The CBO normally uses a conventional 10-year budget window; this has been a sore point for opponents of the Senate bill who had called for a longer-range estimate. 

Sessions on Tuesday released a detailed rebuttal to CBO. He said that the longer 40-year window he originally asked for would have revealed higher costs. 

He also said the bill does not show costs to state and local governments, incorporates flawed assumptions about immigrant employability and of the costs of ObamaCare and leaves out reduced wages for current American citizens. 

“This bill guarantees three things: amnesty, increased welfare costs and lower wages for the U.S. workforce. It would be the biggest setback for poor and middle-class Americans of any legislation Congress has considered in decades,” he said.

A May report from the Heritage Foundation projected the Senate bill would cost $6.3 trillion over the “lifetimes” of immigrants put on a 13-year path to citizenship.
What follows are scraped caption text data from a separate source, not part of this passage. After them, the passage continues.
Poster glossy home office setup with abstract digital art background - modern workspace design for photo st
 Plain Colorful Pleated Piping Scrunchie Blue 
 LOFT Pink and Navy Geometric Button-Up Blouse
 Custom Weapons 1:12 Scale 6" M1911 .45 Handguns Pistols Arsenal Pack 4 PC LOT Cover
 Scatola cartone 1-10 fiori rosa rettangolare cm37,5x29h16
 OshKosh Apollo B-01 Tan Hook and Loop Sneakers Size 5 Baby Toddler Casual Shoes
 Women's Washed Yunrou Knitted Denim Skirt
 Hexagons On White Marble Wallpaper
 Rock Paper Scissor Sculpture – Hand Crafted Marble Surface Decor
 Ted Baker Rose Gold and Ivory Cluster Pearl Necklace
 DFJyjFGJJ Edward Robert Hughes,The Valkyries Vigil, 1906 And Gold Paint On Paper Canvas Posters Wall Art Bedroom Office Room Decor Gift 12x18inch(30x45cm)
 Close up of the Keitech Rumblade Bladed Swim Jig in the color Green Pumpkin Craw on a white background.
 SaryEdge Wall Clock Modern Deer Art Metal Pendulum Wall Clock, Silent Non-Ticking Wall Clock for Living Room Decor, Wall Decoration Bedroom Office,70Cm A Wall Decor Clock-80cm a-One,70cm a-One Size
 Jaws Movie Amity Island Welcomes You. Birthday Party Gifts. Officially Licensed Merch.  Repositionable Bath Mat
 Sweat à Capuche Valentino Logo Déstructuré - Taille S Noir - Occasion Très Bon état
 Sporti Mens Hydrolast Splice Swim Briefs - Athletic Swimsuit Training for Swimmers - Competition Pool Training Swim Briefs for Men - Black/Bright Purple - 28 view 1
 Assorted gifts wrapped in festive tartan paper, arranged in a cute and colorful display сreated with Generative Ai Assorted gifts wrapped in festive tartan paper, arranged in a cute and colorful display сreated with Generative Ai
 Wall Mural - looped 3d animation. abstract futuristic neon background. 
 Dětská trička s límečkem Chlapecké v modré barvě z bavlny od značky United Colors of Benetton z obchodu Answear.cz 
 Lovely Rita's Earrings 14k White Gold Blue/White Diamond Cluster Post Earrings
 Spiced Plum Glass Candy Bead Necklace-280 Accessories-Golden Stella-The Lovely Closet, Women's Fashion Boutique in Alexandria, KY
Heritage totaled federal, state and local expenses and subtracted estimated increases in tax revenue to come up with its figures. 

The conservative think tank estimates the bulk of those costs would occur after immigrants become eligible for Medicare and means-tested federal welfare programs. Critics said the analysis made faulty assumptions about the work and earning potential of the immigrants once they are legal. 

—This story was posted at 4:41 p.m. and updated at 8:26 p.m.